(Task material)

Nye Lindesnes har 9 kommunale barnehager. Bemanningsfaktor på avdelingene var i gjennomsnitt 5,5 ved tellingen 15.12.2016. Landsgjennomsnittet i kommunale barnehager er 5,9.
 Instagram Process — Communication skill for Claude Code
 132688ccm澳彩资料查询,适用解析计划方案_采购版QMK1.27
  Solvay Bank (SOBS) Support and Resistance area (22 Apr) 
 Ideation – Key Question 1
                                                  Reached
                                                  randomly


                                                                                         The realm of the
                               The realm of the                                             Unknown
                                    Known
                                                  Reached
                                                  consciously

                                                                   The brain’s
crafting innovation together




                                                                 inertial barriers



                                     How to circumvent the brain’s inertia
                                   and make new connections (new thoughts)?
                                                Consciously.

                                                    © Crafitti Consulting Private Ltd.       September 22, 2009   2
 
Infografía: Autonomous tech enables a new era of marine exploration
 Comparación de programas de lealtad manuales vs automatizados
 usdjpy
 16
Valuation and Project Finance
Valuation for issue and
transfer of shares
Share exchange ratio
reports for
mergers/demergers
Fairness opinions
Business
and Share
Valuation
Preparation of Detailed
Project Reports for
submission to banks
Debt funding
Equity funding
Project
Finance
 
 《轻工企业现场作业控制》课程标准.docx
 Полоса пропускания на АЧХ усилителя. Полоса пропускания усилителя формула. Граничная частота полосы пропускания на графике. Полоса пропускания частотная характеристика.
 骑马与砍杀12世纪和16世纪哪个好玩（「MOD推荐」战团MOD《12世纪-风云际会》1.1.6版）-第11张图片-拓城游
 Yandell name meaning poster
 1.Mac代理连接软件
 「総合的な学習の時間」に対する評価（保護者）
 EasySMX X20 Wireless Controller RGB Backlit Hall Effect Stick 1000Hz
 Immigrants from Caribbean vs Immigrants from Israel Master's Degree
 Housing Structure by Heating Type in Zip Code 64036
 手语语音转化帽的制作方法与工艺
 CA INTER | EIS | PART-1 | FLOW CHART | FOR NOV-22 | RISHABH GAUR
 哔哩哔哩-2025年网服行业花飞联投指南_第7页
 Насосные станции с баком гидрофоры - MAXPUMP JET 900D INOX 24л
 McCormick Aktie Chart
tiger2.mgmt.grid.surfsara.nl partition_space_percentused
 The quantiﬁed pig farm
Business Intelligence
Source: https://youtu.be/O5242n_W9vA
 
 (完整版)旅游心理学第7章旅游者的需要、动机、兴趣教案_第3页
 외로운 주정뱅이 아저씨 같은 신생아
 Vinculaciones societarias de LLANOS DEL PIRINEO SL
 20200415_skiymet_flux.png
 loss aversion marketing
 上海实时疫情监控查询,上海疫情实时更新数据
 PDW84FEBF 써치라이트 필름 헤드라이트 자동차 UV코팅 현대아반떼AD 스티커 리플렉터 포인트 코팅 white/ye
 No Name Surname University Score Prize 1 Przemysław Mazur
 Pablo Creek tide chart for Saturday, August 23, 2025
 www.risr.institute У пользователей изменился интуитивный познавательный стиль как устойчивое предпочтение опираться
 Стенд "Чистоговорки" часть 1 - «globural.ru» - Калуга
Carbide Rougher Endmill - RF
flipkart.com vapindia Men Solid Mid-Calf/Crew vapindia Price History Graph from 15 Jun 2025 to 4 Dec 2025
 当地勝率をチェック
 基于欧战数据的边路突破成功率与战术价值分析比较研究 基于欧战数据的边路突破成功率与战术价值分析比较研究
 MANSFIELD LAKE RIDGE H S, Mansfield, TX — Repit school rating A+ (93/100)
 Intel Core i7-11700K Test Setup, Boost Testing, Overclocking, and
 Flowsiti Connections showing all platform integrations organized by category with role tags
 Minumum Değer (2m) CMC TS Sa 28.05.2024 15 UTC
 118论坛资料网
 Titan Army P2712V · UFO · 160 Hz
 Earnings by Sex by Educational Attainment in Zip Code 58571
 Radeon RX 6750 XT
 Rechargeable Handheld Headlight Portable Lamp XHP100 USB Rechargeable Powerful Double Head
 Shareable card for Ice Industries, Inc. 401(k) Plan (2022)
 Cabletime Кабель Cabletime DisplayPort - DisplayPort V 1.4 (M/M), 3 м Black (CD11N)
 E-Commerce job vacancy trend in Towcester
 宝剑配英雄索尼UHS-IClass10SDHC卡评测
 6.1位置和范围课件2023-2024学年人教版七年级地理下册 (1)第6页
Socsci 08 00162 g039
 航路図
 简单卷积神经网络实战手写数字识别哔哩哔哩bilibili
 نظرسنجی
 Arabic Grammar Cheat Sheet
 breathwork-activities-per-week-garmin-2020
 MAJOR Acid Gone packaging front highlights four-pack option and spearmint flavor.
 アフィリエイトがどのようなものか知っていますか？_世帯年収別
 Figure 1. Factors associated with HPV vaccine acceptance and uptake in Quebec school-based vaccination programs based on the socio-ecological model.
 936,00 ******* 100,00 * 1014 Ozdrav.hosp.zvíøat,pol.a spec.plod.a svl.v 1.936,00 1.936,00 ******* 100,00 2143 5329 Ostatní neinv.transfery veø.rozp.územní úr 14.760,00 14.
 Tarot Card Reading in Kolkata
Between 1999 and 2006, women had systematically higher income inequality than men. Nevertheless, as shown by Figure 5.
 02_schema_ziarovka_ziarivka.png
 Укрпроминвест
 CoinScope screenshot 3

(End Task material)

About this exercise>
Which lines of the entries above contain the word "with"? Copy each of them.

Response box>
 Flowsiti Connections showing all platform integrations organized by category with role tags
 Figure 1. Factors associated with HPV vaccine acceptance and uptake in Quebec school-based vaccination programs based on the socio-ecological model.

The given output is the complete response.